Like Apple’s GarageBand software, which offers one the opportunity to make pretty good-sounding pop records without the hassle of actually learning an instrument – & I’m sorry, all you shiny anti-“Rockists” out there, but learning to play a real-time instrument, from the human voice to the violin, is of a far higher order of qualitative difficulty than mastering a piece of software – Kabbalah (TM) offers an ersatz version of the rewards of traditional religion without ever asking its adherents to make the ultimate commitment: to actively change their lives, and change their world.

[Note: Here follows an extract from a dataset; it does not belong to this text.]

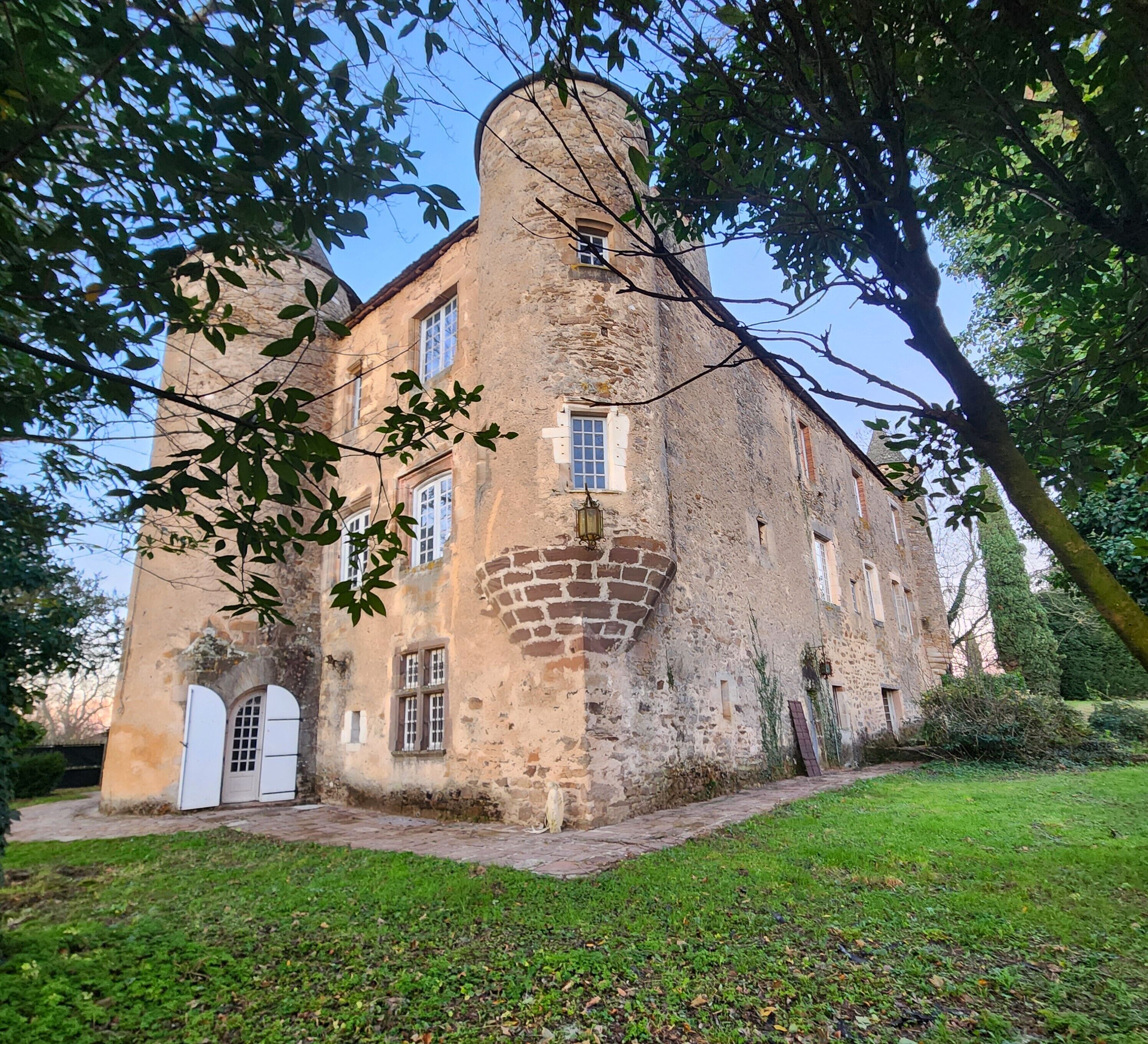 Un edificio histórico de piedra con una torre central, ventanas de arco y una pequeña puerta.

[I’m well aware, by the way, that there seems to be a good deal of evidence that what Berg’s Kabbalah Centre organization offers its rank & file members is something much more closely approximating the demands of the “cults” one heard so much about back in the ‘80s – constant financial demands, a regimented lifestyle, a kind of military devotion. (See this Guardian article, for instance.) But for its more well-heeled adherents, the Madonnas & Britney Spearses of the world, Kabbalah (TM) offers a guaranteed spiritual technology, & demands in return neither faith nor a changed life, but the most painless sacrifice of all – the abstract marker of exchange-value we call money.]

2 comments:

Norman Finkelstein said...

"But the Kabbalah (TM) of the Kabbalah Centre, it seems to me, is no longer a form of Jewish religious hermeneutics or religious practice, no longer a form of Jewish mysticism at all." And, for that matter, no longer Jewish!

Steve said...

Excellent post. On a related note, many of Scholem's conclusions about the origins and purpose of the Kabbalah have been revised by his students - Joseph Dan and Moshe Idel. That he isn't entirely right doesn't detract too much from his intellectual stamina, in my humble opinion.